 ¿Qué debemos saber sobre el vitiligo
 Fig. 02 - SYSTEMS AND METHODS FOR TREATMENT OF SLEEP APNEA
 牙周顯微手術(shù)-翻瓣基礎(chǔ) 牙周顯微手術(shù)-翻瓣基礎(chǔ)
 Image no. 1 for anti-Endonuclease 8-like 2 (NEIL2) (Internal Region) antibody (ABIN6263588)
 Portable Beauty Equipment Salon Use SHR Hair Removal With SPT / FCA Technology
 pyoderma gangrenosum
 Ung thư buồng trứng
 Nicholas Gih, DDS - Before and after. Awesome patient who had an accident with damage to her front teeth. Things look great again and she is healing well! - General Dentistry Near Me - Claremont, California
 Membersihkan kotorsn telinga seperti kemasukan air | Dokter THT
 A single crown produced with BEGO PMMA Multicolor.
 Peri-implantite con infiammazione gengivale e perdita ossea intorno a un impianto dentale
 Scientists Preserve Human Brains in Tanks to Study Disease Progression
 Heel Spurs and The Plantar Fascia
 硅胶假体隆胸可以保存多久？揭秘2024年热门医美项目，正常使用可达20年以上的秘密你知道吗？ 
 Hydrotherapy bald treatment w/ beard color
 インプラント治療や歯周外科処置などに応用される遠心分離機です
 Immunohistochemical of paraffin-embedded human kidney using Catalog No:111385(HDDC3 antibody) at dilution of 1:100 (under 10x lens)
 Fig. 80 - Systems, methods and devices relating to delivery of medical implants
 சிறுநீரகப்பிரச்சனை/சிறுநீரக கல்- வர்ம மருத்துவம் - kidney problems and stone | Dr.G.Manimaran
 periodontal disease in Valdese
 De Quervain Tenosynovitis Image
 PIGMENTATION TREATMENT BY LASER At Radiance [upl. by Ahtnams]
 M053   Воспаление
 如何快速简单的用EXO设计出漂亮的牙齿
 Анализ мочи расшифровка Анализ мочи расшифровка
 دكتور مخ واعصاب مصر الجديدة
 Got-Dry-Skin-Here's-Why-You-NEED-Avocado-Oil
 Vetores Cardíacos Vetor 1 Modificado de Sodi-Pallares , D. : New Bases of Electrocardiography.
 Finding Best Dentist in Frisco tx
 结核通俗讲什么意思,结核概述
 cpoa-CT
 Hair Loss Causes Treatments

· · · ·

→ WORK INSTRUCTION
What lines of the material contain "Hair"? Show them.

→ EXPECTED ANSWER
 Portable Beauty Equipment Salon Use SHR Hair Removal With SPT / FCA Technology
 Hair Loss Causes Treatments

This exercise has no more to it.